▶ [Instructions for the task] What is needed is a word-for-word copy of the records below.

── Input material ──

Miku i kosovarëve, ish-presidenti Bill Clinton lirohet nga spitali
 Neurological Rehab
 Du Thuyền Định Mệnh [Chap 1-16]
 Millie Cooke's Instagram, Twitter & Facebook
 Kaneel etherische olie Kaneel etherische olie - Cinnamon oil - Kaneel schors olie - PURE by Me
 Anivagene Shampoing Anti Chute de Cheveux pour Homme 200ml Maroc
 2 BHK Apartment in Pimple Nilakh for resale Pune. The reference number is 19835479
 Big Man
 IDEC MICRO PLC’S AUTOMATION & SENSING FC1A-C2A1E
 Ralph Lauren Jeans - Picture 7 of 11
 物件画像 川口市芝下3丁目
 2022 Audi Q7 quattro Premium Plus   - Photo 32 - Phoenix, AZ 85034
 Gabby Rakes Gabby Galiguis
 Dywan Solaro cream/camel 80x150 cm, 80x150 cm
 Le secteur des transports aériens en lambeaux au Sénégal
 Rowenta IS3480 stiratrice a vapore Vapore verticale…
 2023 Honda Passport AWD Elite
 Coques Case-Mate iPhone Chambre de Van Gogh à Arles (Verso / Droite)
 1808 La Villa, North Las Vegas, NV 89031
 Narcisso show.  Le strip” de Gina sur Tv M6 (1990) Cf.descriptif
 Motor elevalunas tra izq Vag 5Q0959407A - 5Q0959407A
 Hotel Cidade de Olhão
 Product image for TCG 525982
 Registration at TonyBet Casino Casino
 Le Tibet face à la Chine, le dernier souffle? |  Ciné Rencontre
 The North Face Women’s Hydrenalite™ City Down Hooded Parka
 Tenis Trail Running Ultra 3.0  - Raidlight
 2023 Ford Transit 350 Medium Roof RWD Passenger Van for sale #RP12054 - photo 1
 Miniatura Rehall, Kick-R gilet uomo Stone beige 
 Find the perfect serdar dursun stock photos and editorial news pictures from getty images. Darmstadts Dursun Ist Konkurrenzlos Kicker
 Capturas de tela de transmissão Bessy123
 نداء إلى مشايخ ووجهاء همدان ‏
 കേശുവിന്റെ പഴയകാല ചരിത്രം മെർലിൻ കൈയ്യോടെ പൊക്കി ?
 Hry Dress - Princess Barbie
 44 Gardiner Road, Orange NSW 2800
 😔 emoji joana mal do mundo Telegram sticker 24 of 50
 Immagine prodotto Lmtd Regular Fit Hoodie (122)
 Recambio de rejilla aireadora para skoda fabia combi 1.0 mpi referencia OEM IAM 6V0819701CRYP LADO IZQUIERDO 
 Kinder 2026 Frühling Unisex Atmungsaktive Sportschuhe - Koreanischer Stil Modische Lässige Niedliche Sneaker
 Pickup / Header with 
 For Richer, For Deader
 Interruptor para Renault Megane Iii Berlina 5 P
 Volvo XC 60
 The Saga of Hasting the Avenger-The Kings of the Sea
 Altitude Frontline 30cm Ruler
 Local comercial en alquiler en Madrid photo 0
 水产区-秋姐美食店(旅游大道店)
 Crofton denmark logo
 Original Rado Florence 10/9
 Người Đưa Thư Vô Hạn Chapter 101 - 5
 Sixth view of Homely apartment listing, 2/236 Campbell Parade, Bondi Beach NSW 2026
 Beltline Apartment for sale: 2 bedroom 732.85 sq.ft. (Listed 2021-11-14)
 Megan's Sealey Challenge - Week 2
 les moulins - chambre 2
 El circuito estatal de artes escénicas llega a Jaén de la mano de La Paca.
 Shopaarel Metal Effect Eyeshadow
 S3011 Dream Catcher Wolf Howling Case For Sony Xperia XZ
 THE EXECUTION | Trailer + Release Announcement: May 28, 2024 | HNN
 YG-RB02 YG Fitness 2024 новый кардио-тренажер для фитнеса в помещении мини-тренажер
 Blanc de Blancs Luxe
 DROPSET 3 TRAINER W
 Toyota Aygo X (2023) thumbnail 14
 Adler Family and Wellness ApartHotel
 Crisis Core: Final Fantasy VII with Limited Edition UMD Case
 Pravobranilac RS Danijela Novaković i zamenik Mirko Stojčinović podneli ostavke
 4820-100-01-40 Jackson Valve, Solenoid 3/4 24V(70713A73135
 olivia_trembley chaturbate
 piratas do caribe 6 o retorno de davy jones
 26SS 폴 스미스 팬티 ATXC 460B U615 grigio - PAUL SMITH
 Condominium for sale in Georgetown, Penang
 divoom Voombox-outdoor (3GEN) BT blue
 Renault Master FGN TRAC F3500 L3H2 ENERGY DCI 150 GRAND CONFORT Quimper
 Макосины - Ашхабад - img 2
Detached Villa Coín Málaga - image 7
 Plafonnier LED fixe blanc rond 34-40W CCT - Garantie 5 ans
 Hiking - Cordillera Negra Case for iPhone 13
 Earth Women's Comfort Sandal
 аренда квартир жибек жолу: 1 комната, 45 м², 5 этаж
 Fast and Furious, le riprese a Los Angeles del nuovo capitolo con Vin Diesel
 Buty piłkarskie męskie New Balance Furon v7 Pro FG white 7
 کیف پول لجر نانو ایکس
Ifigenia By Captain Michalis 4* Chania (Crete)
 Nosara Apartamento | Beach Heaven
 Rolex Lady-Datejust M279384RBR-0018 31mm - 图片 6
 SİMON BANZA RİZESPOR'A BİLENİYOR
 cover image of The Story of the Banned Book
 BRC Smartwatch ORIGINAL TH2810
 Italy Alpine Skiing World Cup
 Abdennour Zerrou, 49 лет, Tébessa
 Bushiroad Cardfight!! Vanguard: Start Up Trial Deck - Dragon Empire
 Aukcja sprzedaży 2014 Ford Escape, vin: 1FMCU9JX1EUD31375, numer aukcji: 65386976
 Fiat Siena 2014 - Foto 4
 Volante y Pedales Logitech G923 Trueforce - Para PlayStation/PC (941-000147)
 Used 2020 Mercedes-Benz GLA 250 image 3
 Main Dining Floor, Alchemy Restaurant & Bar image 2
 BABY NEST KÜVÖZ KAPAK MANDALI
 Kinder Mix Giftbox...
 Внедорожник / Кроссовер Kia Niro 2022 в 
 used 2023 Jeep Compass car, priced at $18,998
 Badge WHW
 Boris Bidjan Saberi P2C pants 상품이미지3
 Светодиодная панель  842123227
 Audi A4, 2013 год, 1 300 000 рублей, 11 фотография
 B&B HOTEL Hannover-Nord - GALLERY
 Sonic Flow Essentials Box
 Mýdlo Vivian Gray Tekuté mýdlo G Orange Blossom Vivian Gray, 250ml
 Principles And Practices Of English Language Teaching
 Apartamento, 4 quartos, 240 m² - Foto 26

───

▶ [Result of this exercise]
Miku i kosovarëve, ish-presidenti Bill Clinton lirohet nga spitali
 Neurological Rehab
 Du Thuyền Định Mệnh [Chap 1-16]
 Millie Cooke's Instagram, Twitter & Facebook
 Kaneel etherische olie Kaneel etherische olie - Cinnamon oil - Kaneel schors olie - PURE by Me
 Anivagene Shampoing Anti Chute de Cheveux pour Homme 200ml Maroc
 2 BHK Apartment in Pimple Nilakh for resale Pune. The reference number is 19835479
 Big Man
 IDEC MICRO PLC’S AUTOMATION & SENSING FC1A-C2A1E
 Ralph Lauren Jeans - Picture 7 of 11
 物件画像 川口市芝下3丁目
 2022 Audi Q7 quattro Premium Plus   - Photo 32 - Phoenix, AZ 85034
 Gabby Rakes Gabby Galiguis
 Dywan Solaro cream/camel 80x150 cm, 80x150 cm
 Le secteur des transports aériens en lambeaux au Sénégal
 Rowenta IS3480 stiratrice a vapore Vapore verticale…
 2023 Honda Passport AWD Elite
 Coques Case-Mate iPhone Chambre de Van Gogh à Arles (Verso / Droite)
 1808 La Villa, North Las Vegas, NV 89031
 Narcisso show.  Le strip” de Gina sur Tv M6 (1990) Cf.descriptif
 Motor elevalunas tra izq Vag 5Q0959407A - 5Q0959407A
 Hotel Cidade de Olhão
 Product image for TCG 525982
 Registration at TonyBet Casino Casino
 Le Tibet face à la Chine, le dernier souffle? |  Ciné Rencontre
 The North Face Women’s Hydrenalite™ City Down Hooded Parka
 Tenis Trail Running Ultra 3.0  - Raidlight
 2023 Ford Transit 350 Medium Roof RWD Passenger Van for sale #RP12054 - photo 1
 Miniatura Rehall, Kick-R gilet uomo Stone beige 
 Find the perfect serdar dursun stock photos and editorial news pictures from getty images. Darmstadts Dursun Ist Konkurrenzlos Kicker
 Capturas de tela de transmissão Bessy123
 نداء إلى مشايخ ووجهاء همدان ‏
 കേശുവിന്റെ പഴയകാല ചരിത്രം മെർലിൻ കൈയ്യോടെ പൊക്കി ?
 Hry Dress - Princess Barbie
 44 Gardiner Road, Orange NSW 2800
 😔 emoji joana mal do mundo Telegram sticker 24 of 50
 Immagine prodotto Lmtd Regular Fit Hoodie (122)
 Recambio de rejilla aireadora para skoda fabia combi 1.0 mpi referencia OEM IAM 6V0819701CRYP LADO IZQUIERDO 
 Kinder 2026 Frühling Unisex Atmungsaktive Sportschuhe - Koreanischer Stil Modische Lässige Niedliche Sneaker
 Pickup / Header with 
 For Richer, For Deader
 Interruptor para Renault Megane Iii Berlina 5 P
 Volvo XC 60
 The Saga of Hasting the Avenger-The Kings of the Sea
 Altitude Frontline 30cm Ruler
 Local comercial en alquiler en Madrid photo 0
 水产区-秋姐美食店(旅游大道店)
 Crofton denmark logo
 Original Rado Florence 10/9
 Người Đưa Thư Vô Hạn Chapter 101 - 5
 Sixth view of Homely apartment listing, 2/236 Campbell Parade, Bondi Beach NSW 2026
 Beltline Apartment for sale: 2 bedroom 732.85 sq.ft. (Listed 2021-11-14)
 Megan's Sealey Challenge - Week 2
 les moulins - chambre 2
 El circuito estatal de artes escénicas llega a Jaén de la mano de La Paca.
 Shopaarel Metal Effect Eyeshadow
 S3011 Dream Catcher Wolf Howling Case For Sony Xperia XZ
 THE EXECUTION | Trailer + Release Announcement: May 28, 2024 | HNN
 YG-RB02 YG Fitness 2024 новый кардио-тренажер для фитнеса в помещении мини-тренажер
 Blanc de Blancs Luxe
 DROPSET 3 TRAINER W
 Toyota Aygo X (2023) thumbnail 14
 Adler Family and Wellness ApartHotel
 Crisis Core: Final Fantasy VII with Limited Edition UMD Case
 Pravobranilac RS Danijela Novaković i zamenik Mirko Stojčinović podneli ostavke
 4820-100-01-40 Jackson Valve, Solenoid 3/4 24V(70713A73135
 olivia_trembley chaturbate
 piratas do caribe 6 o retorno de davy jones
 26SS 폴 스미스 팬티 ATXC 460B U615 grigio - PAUL SMITH
 Condominium for sale in Georgetown, Penang
 divoom Voombox-outdoor (3GEN) BT blue
 Renault Master FGN TRAC F3500 L3H2 ENERGY DCI 150 GRAND CONFORT Quimper
 Макосины - Ашхабад - img 2
Detached Villa Coín Málaga - image 7
 Plafonnier LED fixe blanc rond 34-40W CCT - Garantie 5 ans
 Hiking - Cordillera Negra Case for iPhone 13
 Earth Women's Comfort Sandal
 аренда квартир жибек жолу: 1 комната, 45 м², 5 этаж
 Fast and Furious, le riprese a Los Angeles del nuovo capitolo con Vin Diesel
 Buty piłkarskie męskie New Balance Furon v7 Pro FG white 7
 کیف پول لجر نانو ایکس
Ifigenia By Captain Michalis 4* Chania (Crete)
 Nosara Apartamento | Beach Heaven
 Rolex Lady-Datejust M279384RBR-0018 31mm - 图片 6
 SİMON BANZA RİZESPOR'A BİLENİYOR
 cover image of The Story of the Banned Book
 BRC Smartwatch ORIGINAL TH2810
 Italy Alpine Skiing World Cup
 Abdennour Zerrou, 49 лет, Tébessa
 Bushiroad Cardfight!! Vanguard: Start Up Trial Deck - Dragon Empire
 Aukcja sprzedaży 2014 Ford Escape, vin: 1FMCU9JX1EUD31375, numer aukcji: 65386976
 Fiat Siena 2014 - Foto 4
 Volante y Pedales Logitech G923 Trueforce - Para PlayStation/PC (941-000147)
 Used 2020 Mercedes-Benz GLA 250 image 3
 Main Dining Floor, Alchemy Restaurant & Bar image 2
 BABY NEST KÜVÖZ KAPAK MANDALI
 Kinder Mix Giftbox...
 Внедорожник / Кроссовер Kia Niro 2022 в 
 used 2023 Jeep Compass car, priced at $18,998
 Badge WHW
 Boris Bidjan Saberi P2C pants 상품이미지3
 Светодиодная панель  842123227
 Audi A4, 2013 год, 1 300 000 рублей, 11 фотография
 B&B HOTEL Hannover-Nord - GALLERY
 Sonic Flow Essentials Box
 Mýdlo Vivian Gray Tekuté mýdlo G Orange Blossom Vivian Gray, 250ml
 Principles And Practices Of English Language Teaching
 Apartamento, 4 quartos, 240 m² - Foto 26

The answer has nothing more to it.